Post
Topic
Board Beginners & Help
Re: Unpopular Opinions About Bitcoin
by
Pmalek
on 14/12/2020, 08:41:05 UTC
It takes too long to do a transaction. people get impatient when the card reader takes more than 10-20 seconds, do you really expect them to wait 10 minutes to buy a candy bar.
I don't. I know I wouldn't. But I also don't consider bitcoin to be the perfect asset for small transactions, such as buying a candy bar or a lollipop. When it comes to bigger deals, especially where money goes across international borders that would require currency conversions and international bank fees if you are using traditional systems, bitcoin performs quite well.

I don't mean fear as an investment, I mean simply losing the numbers or sending them the wrong place or losing the "wallet" or hacking.
Those are the risks you have to bear with to become financially independent and make decisions when you want to and how you want to. 

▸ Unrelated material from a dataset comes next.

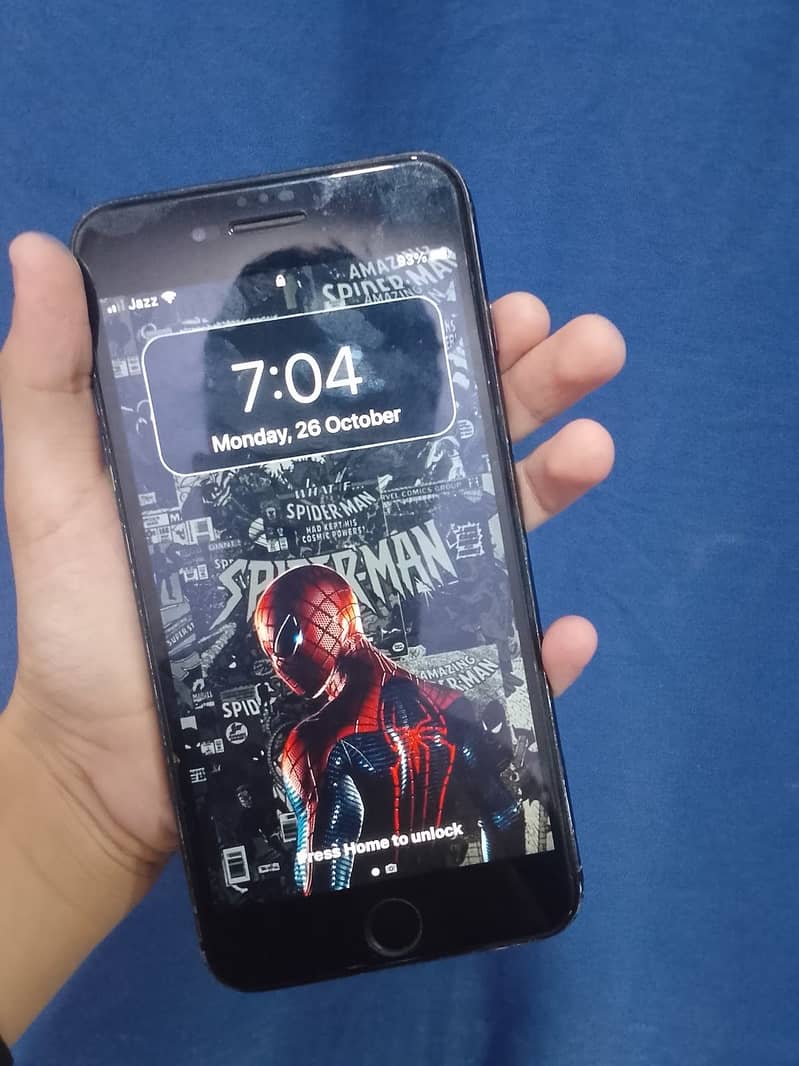 Apple iPhone 7 Plus 1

I managed to buy bitcoin on coinbase and make a transfer to bittrex following step by step (x about 30 steps) intSructions on youtube.
The process of sending/receiving bitcoin isn't that difficult. Exchanges guide you throughout the process. it's as simple as inserting your wallet address, confirming your transaction via 2FA (if activated) maybe an additional confirmation via SMS/email, and that is it.

Now I think I am supposed to have a wallet (or maybe not I read some places) but why does coinbase have "wallet" in the name?
You can keep the coins you purchase in the online wallets of the exchanges. But this is not recommended for various reasons. It's not your coins, it belongs to the exchange. They become yours when you transfer them to a wallet whose private keys you control. You are also relying on an exchange to keep your coins safe and that is not how bitcoin should be used. You should be the one who safeguards the assets, and only you.   

I think I am supposed to have a private address and a public address but which numbers are they?
Your public address is used to receive bitcoin. If you need someone to send you coins, you need to give that person your receiving address. The addresses are the strings that start either with a '1', '3', or 'bc1'. The private key is what gives you access and unlocks the coins located on those addresses. It is that long string (from 51-64 characters) of letters and numbers. You will most probably see them beginning with '5', 'K', or 'L' depending on if they are compressed or uncompressed, but don't bother yourself with the terms for now.

Then there are places to put just "address" --which one? or is this a 3rd address consisting of a combination of the other 2?
Your public address, always your public address. Your private key is called 'private' for a reason. Only you should have it and know where to find it. Whoever has it, can empty the public address it is associated with.

I think I am supposed to have a private key. Is that one of the numbers? That is what I read on google.
I mentioned that above. It is that long string of characters that has to be kept safe and remain private. 

They gave me 12 word code. Is that my "secret" key? Hardly a secret since I had to rearrange the words in order to send the bitcoin to bittrex so obviously coinbase has it.
Those 12 words are called a seed, seed phrase, mnemonic phrase, recovery seed, and there are probably some other names for it. That is the most important part of your wallet. All your public and private keys are generated and restored from that seed. One private key gives you access to the funds located on one public key. You can lose these private keys but still restore your coins thanks to the seed phrase. But it doesn't work the other way around. If you lose your seed, and have only one private key, you can only gain access to the one public address that key corresponds to.

I am not sure what you meant when you said you had to rearrange your seed before sending your coins to another exchange. Care to elaborate on that? That is not how it works and you don't need the seed for sending/receiving. It should never by inserted online or saved digitally. You should write it down on a paper and keep it somewhere safe. If you have already entered it somewhere, consider it compromised. I would suggest you move your funds to properly created wallet.